▶ WHAT THE TASK ASKS
Range to reproduce from the entries below: the line with "Timori per salute", the line with "One-Bedroom King Suite - Photo 2", and every line in between. Give them exactly and give nothing else.

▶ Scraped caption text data
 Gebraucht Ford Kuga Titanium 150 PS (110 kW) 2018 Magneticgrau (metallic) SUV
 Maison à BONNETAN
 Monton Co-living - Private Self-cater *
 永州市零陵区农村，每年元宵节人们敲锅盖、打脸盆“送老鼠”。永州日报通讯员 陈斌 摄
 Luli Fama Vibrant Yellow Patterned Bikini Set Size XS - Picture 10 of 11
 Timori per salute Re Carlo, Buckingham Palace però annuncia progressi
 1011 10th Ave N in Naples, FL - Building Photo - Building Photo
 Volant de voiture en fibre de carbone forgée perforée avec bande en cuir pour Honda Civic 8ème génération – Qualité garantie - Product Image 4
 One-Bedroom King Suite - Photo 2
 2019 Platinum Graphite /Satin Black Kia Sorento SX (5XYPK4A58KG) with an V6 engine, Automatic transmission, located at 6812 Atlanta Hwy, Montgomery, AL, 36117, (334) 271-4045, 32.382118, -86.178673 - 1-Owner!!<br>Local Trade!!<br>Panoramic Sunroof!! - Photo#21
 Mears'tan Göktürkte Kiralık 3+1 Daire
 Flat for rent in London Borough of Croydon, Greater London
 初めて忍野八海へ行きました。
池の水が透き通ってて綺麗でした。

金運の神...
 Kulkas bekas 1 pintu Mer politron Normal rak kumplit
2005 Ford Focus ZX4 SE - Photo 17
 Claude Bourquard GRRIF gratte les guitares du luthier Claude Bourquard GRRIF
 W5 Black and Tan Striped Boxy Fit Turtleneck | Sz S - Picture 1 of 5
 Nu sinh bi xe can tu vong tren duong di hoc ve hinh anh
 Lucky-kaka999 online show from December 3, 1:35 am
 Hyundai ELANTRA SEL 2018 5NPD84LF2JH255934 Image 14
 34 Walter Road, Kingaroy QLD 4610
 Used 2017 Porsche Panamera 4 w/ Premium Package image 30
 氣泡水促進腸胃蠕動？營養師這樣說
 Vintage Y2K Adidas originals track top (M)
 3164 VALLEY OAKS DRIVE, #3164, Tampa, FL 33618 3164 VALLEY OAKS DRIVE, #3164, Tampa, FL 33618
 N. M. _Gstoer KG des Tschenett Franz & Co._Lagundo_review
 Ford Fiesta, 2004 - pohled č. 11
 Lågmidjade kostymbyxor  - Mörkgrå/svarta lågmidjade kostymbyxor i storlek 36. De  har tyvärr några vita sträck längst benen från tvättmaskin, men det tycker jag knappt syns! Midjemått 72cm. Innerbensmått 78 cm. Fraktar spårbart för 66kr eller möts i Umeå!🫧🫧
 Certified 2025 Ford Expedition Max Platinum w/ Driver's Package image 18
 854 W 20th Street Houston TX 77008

▶ PROBLEM SOLUTION
 Timori per salute Re Carlo, Buckingham Palace però annuncia progressi
 1011 10th Ave N in Naples, FL - Building Photo - Building Photo
 Volant de voiture en fibre de carbone forgée perforée avec bande en cuir pour Honda Civic 8ème génération – Qualité garantie - Product Image 4
 One-Bedroom King Suite - Photo 2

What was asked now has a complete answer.